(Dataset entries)
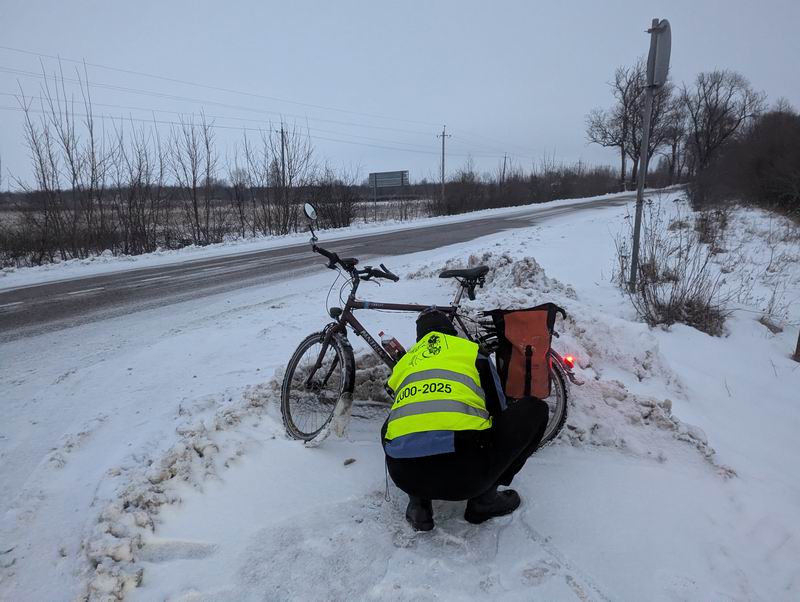 Сергей Мезенов остановился подкачать колесо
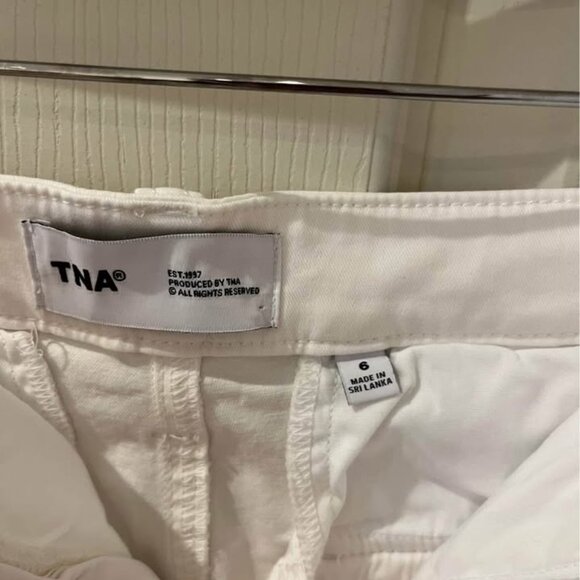 White cargo pants from TNA Aritzia size 6 - Picture 2 of 2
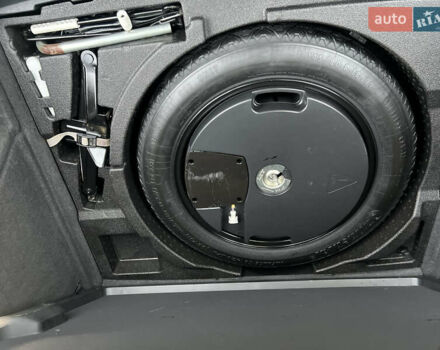 Черный Ауди Ку3, объемом двигателя 1.98 л и пробегом 193 тыс. км за 15000 $, фото 17 на Automoto.ua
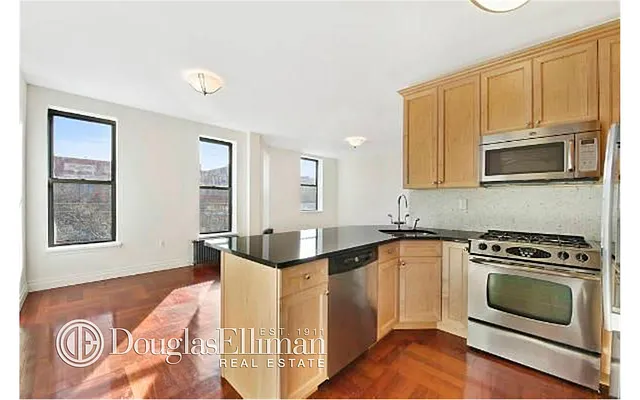 Rented by Douglas Elliman | media 30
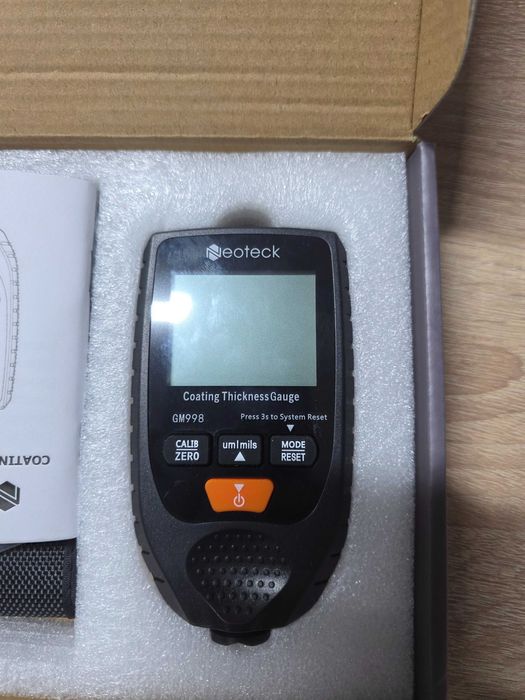 Neoteck, instrument portabil pentru măsurarea grosimii vopselei auto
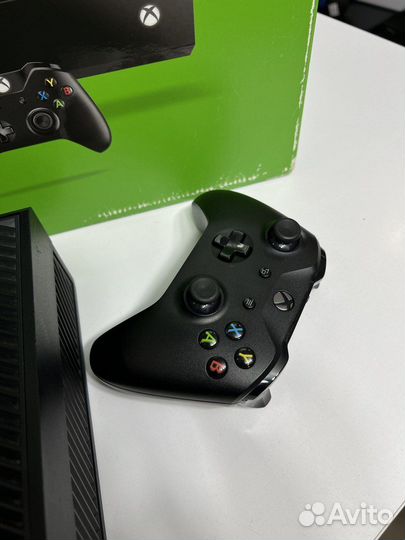 Xbox One + 400 Игр Гарантия 12 Месяцев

**YOUR INSTRUCTIONS:** Word for word, restate the lines from the one containing "Rented by Douglas Elliman | media 30" through the end of the entries. Do not include pictures.

**OUTPUT FOR THIS TASK:**
 Rented by Douglas Elliman | media 30
 Neoteck, instrument portabil pentru măsurarea grosimii vopselei auto
 Xbox One + 400 Игр Гарантия 12 Месяцев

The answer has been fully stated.